**Caption-style text data:**
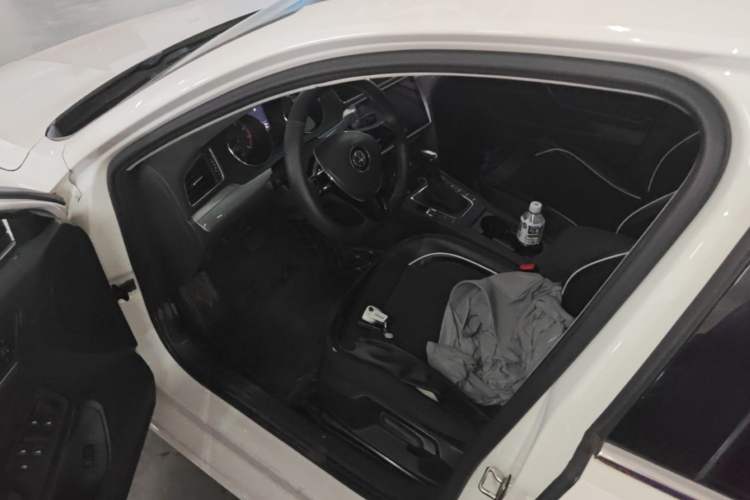Used Volkswagen Lamando 2018 230TSI DSG Fashion Edition Driver Seat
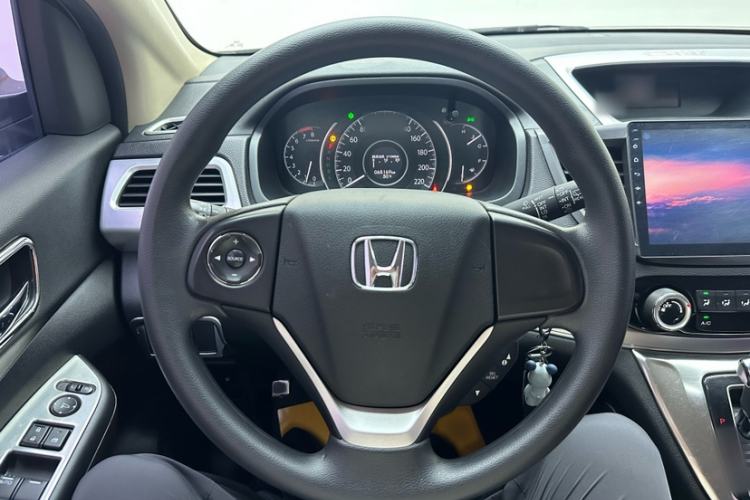 Used Honda CR-V 2016 2.0L two-wheel drive Urban Edition Steering Wheel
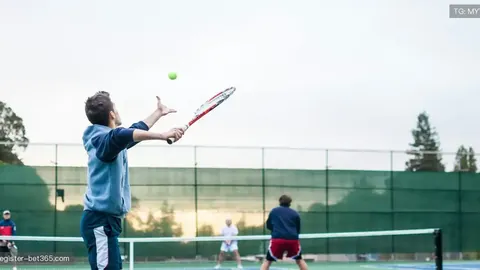 德甲赛场：哈维精准传球成就塞斯科头球进球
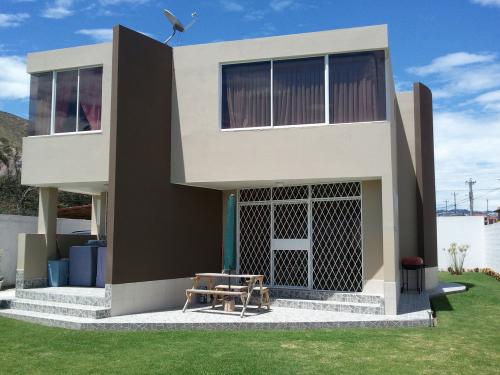 DE OPORTUNIDAD SE VENDE HERMOSA CASA EN LA URBANIZACION LA PAMPA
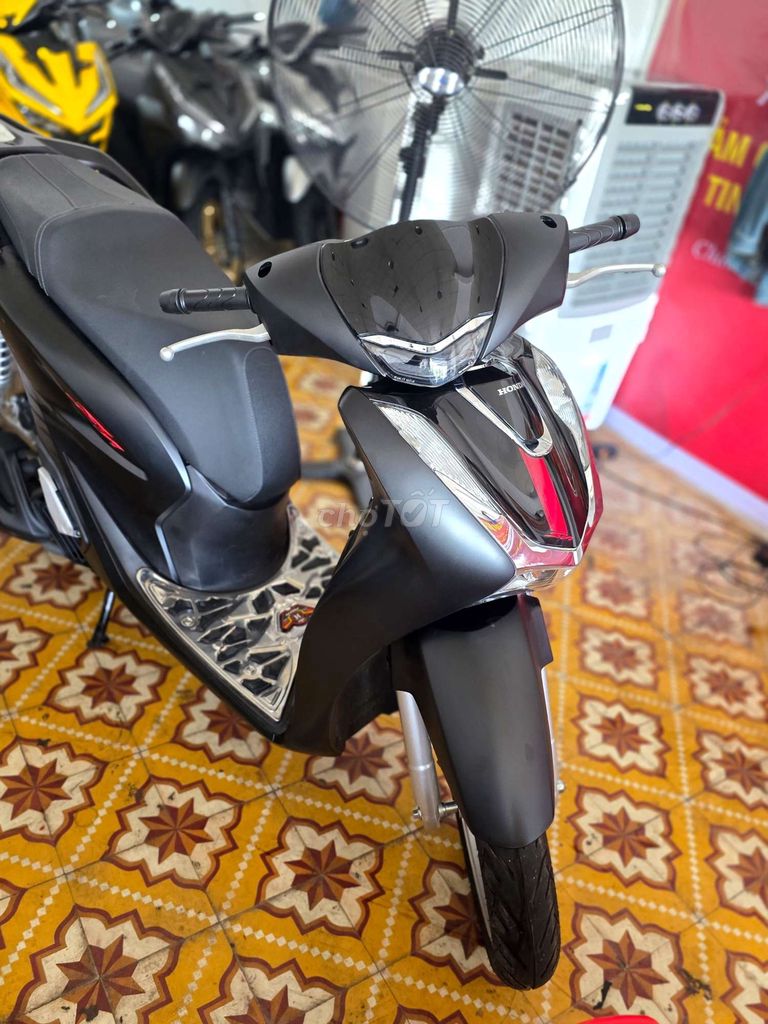 Honda sh 2024 mới chạy 1000km như xe mới cực đẹp. Mua bán Xe máy tại Quận Hải Châu Đà Nẵng được đăng bởi Toàn hình 3
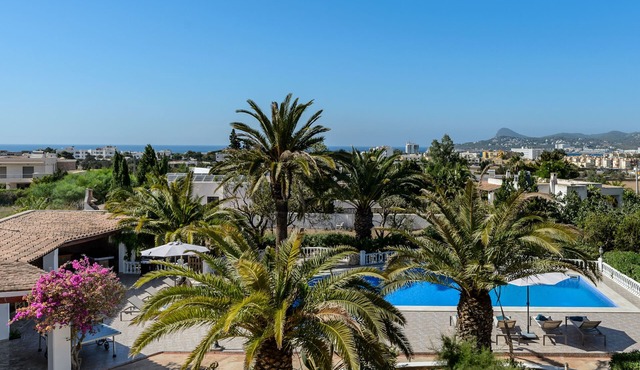 CAN RAVI, Villa. Ibiza. Charming villa on the bay of San Antonio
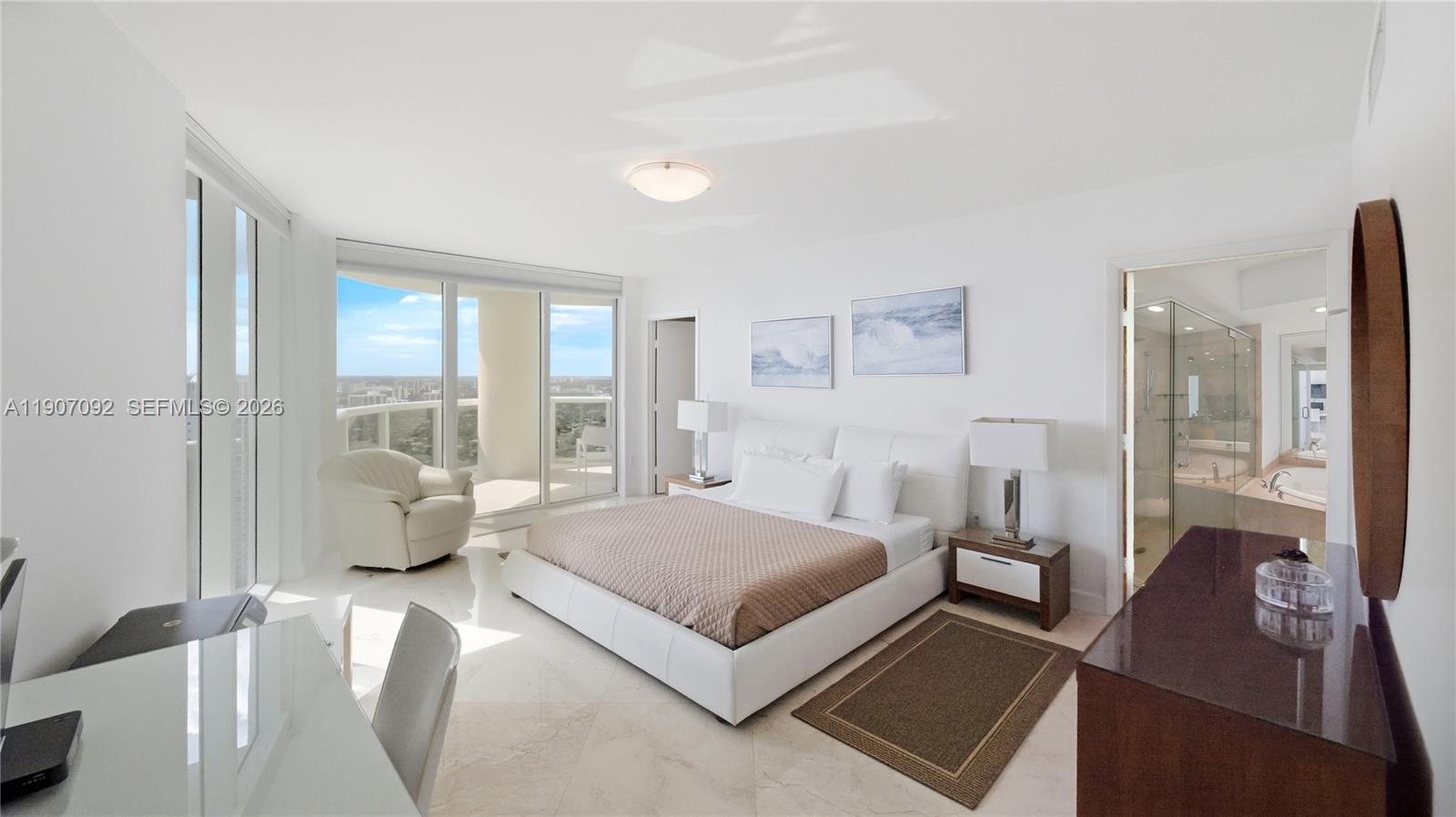 BEACH CLUB CONDO - Residential Lease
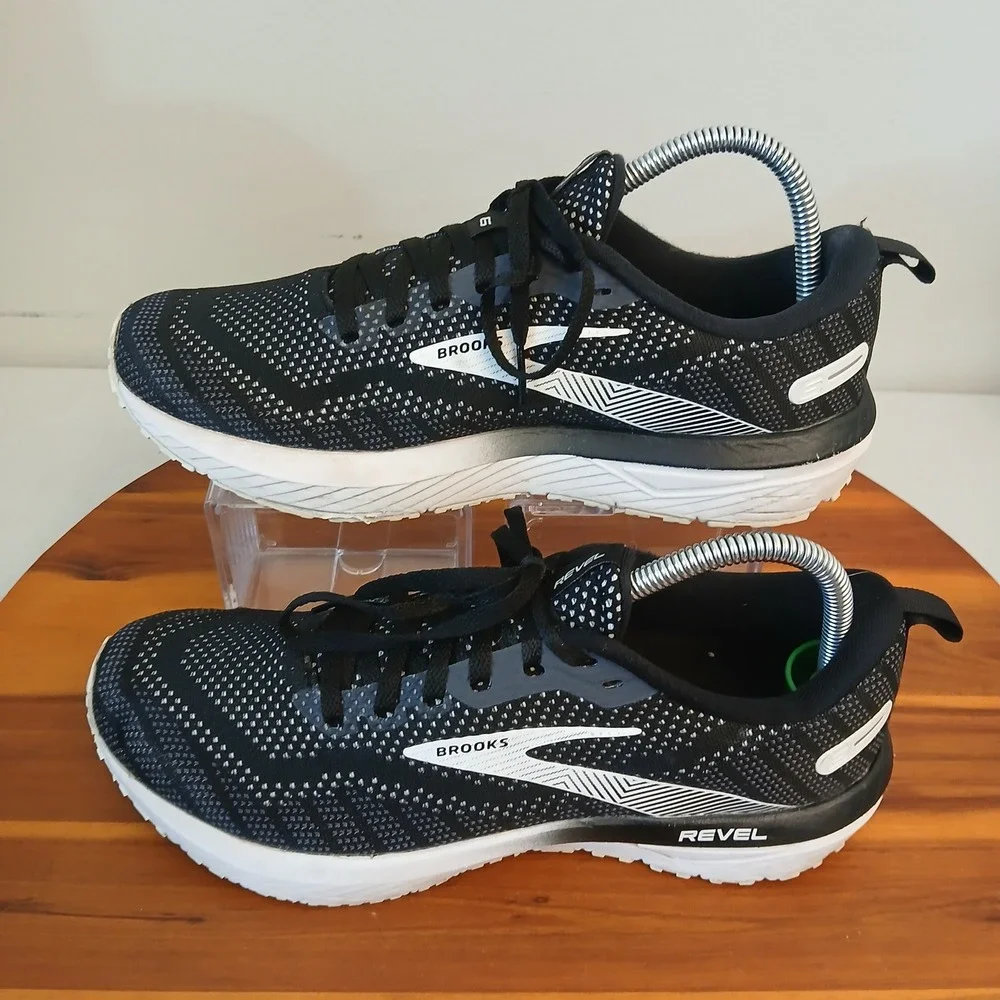 Brooks Revel 6 Women 9 Black Running Shoes Sneakers 1203861B012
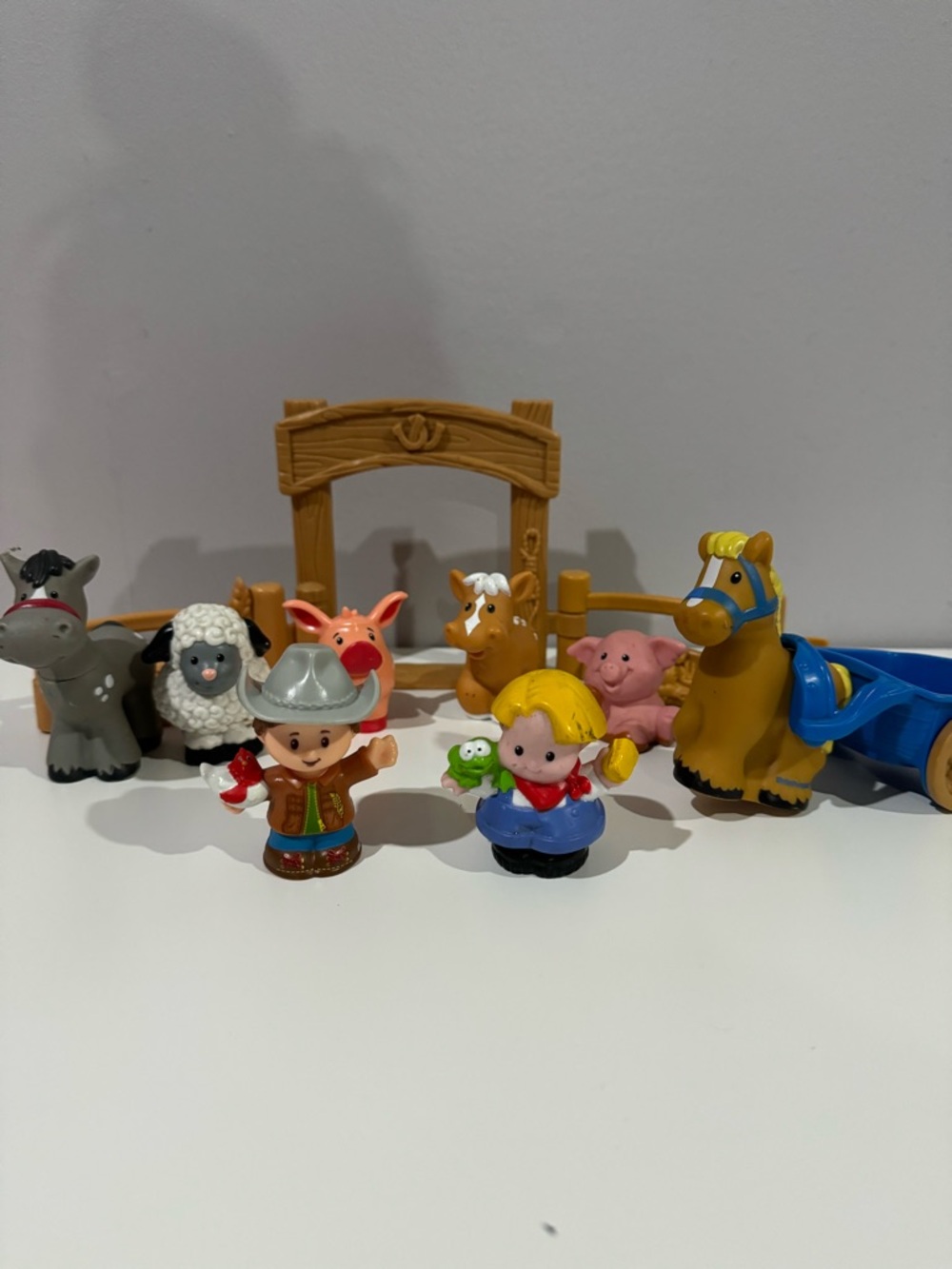 Farm Friends Playset with Yellow-Accented Figures and Animals
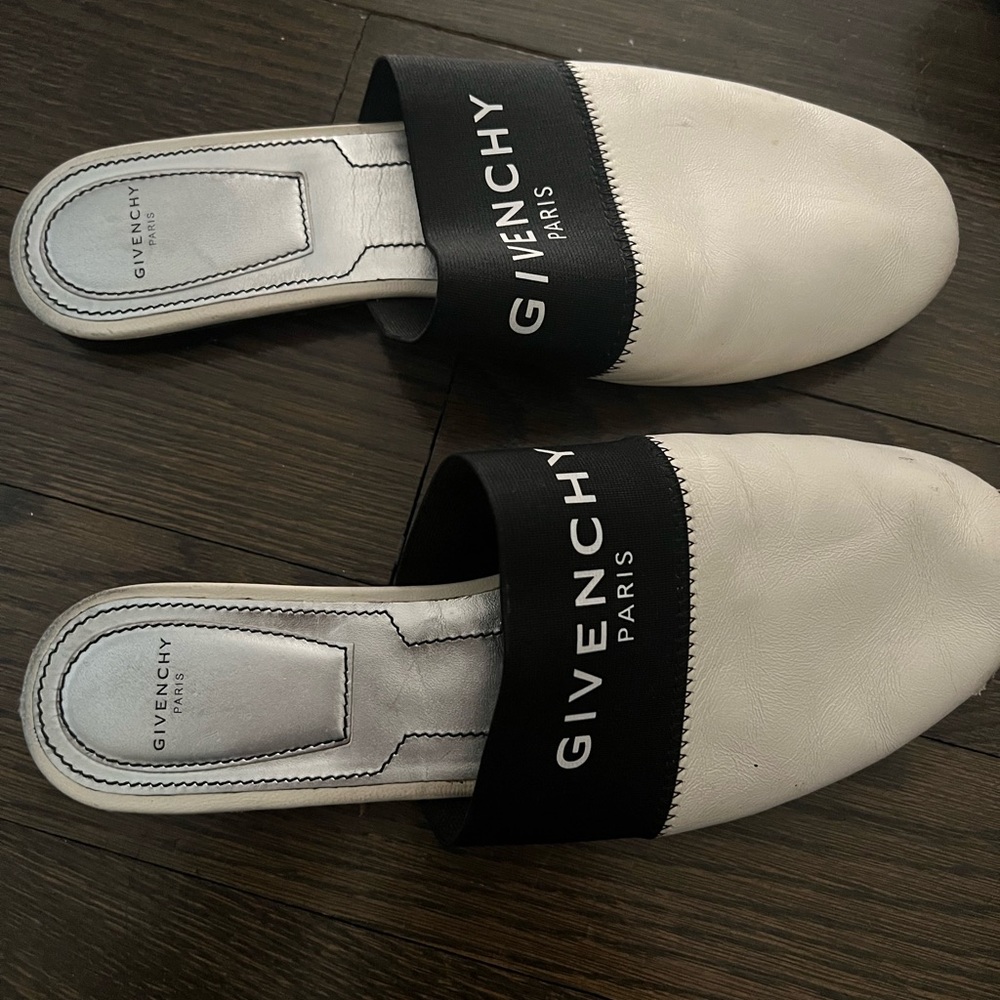 Authentic Givenchy slide - Picture 4 of 4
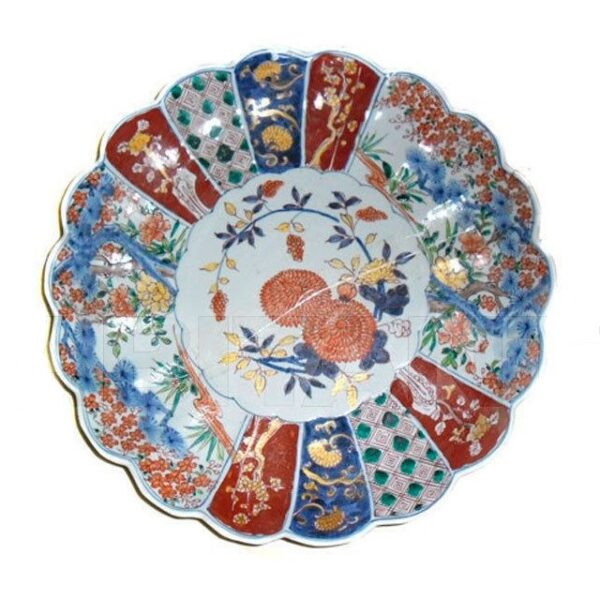 Плато Imari Lotus
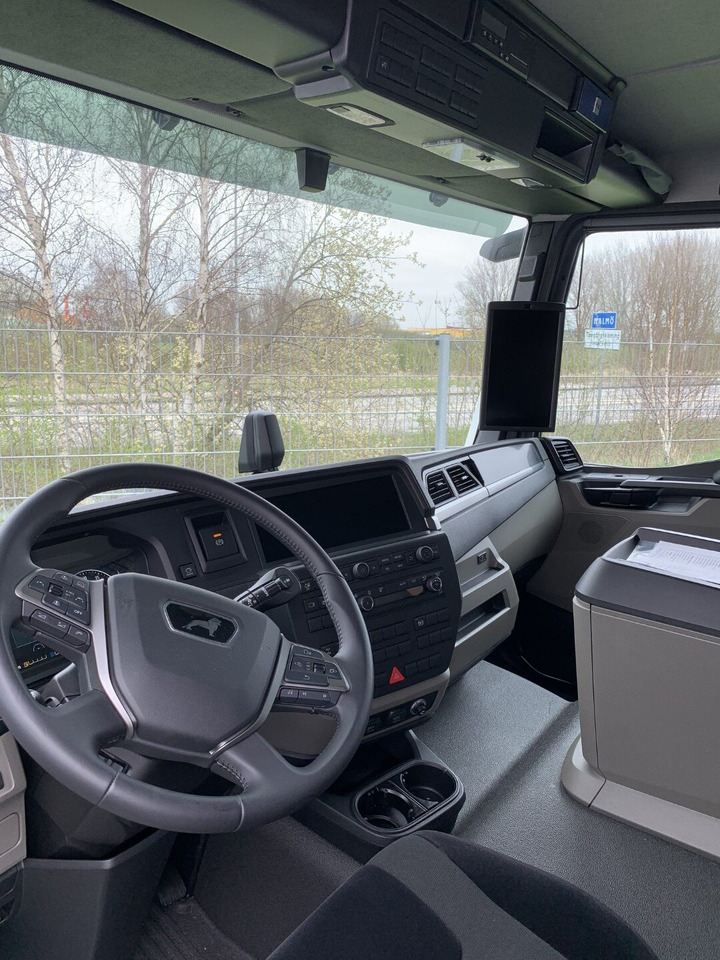 TGM 18.290 4×2 LL Skåp Öppningsbar sida - Box truck: picture 3 TGM 18.290 4×2 LL Skåp Öppningsbar sida - Box truck: picture 3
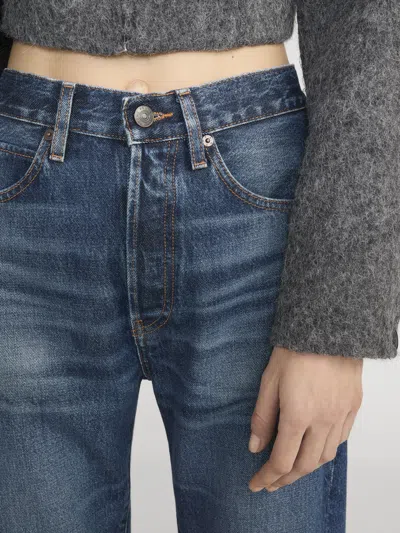 Frame The Vertical In Blue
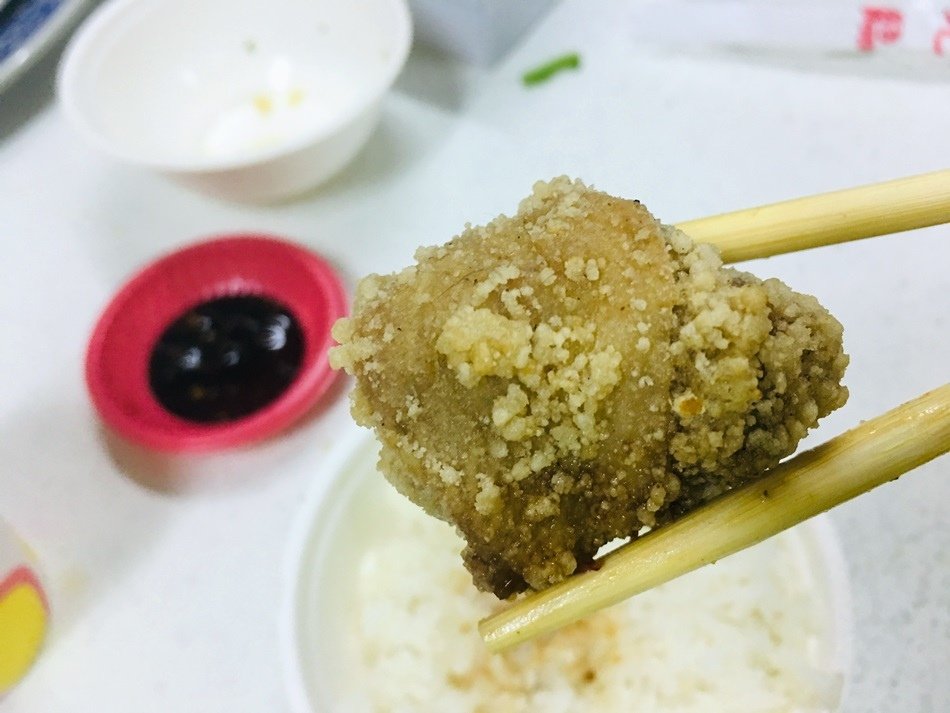 高雄美食-田寮月球土雞園鹹酥雞超推薦雞肉好吃超嫩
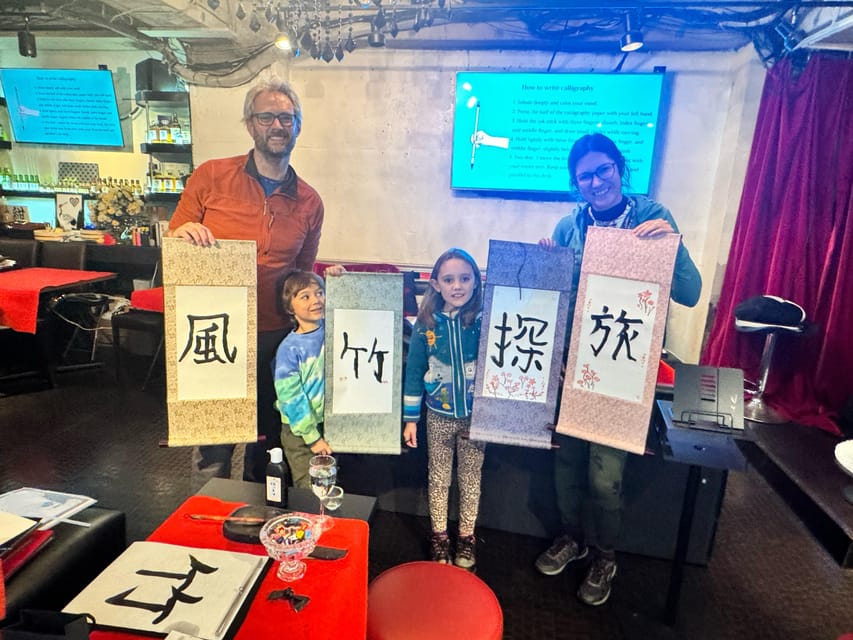 Tokyo: Calligraphy on Kanji Fan & Scroll with Drink - How the 80-Minute Shodō Class Really Flows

**AIM OF THE EXERCISE:** Reproduce the records above exactly, but only from the line containing "高雄美食-田寮月球土雞園鹹酥雞超推薦雞肉好吃超嫩" through the last line, both included, and without any pictures.

**RESPONSE TO THE EXERCISE:**
 高雄美食-田寮月球土雞園鹹酥雞超推薦雞肉好吃超嫩
 Tokyo: Calligraphy on Kanji Fan & Scroll with Drink - How the 80-Minute Shodō Class Really Flows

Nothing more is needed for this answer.